His eyes adjusted to the murky inside. There were rows upon rows of shelved books. A look of terror crossed his face, and he spun around and tried to open the door. It had locked behind him.
He began to run through the stacks, authors and titles falling behind him in frantic alphabetical succession. The words were too thick here. The language was dead and believed itself alive, forcing images and ideas and emotions to burst from the pages like vengeful ghosts from the grave. The black forms circled him like vultures. His legs were pumping acid into themselves and still the stacks went on. The vultures exploded into hundreds of bats. The bats into thousands of flies. His vision was clouding, and he could hear only the static of the insects whirling through the air in the delight of insanity. They began to crash against his body, biting and scratching at his exposed skin. A trail of blood was now marking his path through the shelves, as he made turn after turn in an attempt to elude his tormentors. Then he could not run anymore, and he began slamming his body against the walls of literature, smashing hundreds of insects at a time and mixing their blood with his. Soon he was soaked in gore and still the flies were coming. He fell to the floor, assuming the position in which he entered the world.
There was darkness. There was the distant echo of a dull explosion. There was the howling and the cold that took the place of the buzzing. There was light again. The flies and the gore had evaporated. Every part of his body sung with relief, and as he heard the laughter of the girl he had not quite remembered to forget, even his headache cleared away.
“I told you to stay away from my stories.”
He looked up into her eyes. She smiled down at him. His open wounds, forgotten completely, disappeared into scarless flesh. He tried to stand, but fell back to the floor.
“You’re still too weak,” she said. “Stay down for a while.”
He stayed down. He saw for the first time where they were. He had reached the end of the stacks, and here at the far side of the library, sunk into the brick wall, was an elegant purple door, decorated with lit candles and a leaf-green frame, and covered in thousands of tiny poetic inscriptions scrawled across at random like graffiti. Beside the door was a massive rupture in the brick wall through which poured a frigid wind. Night had fallen like a curtain of the deepest blue, and white pinpoints were beginning to burn through the folds.
“I gave you another way out,” she said. “Because we can’t both go through the door.”
“No,” he said.
She turned and walked up to the ancient threshold. He was writhing on the floor, trying to stand, crawling toward her, reaching out. She raised a small fist, and knocked three times.
“No!” he screamed.
A seam appeared in the middle of the door, and a faint golden light shone through. There was a creaking of rusty hinges as it swung open. He was regaining his strength. He was pulling himself up with the shelves, books tumbling down around him as he fell over himself, screaming her name over and over in a voice threatening to crack into falsetto. She turned toward him. For an instant he saw her in all her pure, modest beauty, framed against a night jungle swarming with fireflies. He was on his feet. She stepped backward into the wilderness. He stumbled forward. She smiled. He threw out his arms to her. The door slammed shut. His hands struck flat against the primeval wood.

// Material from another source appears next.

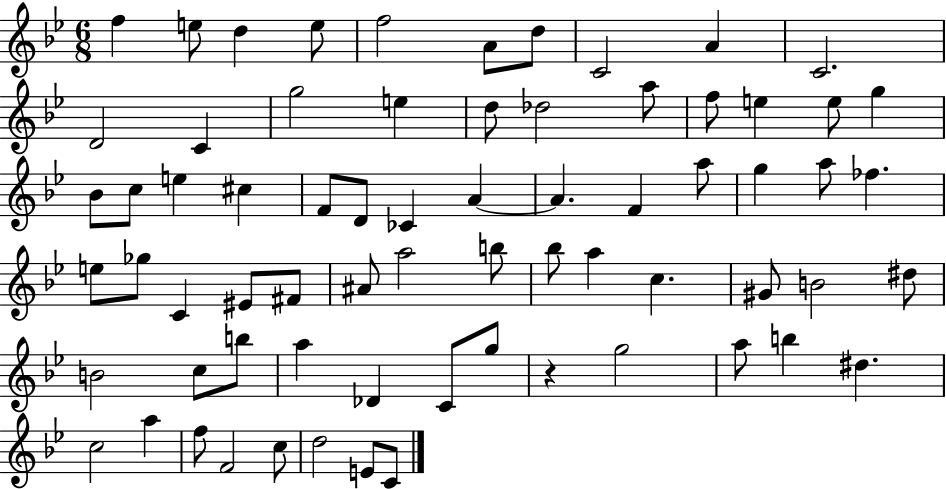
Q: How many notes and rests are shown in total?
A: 69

He fell to his knees, breathing heavily. He stayed there for a time, his nose not an inch from the purple door, his body throbbing and his mind utterly silent. The candlelight danced in the cold wind from outside, and the shadows followed the flame’s childish whims. Unable even to summon tears from the oceans of violence within, he rose from the threshold, and walked through the fissure in the brick wall into the calm void of winter’s night.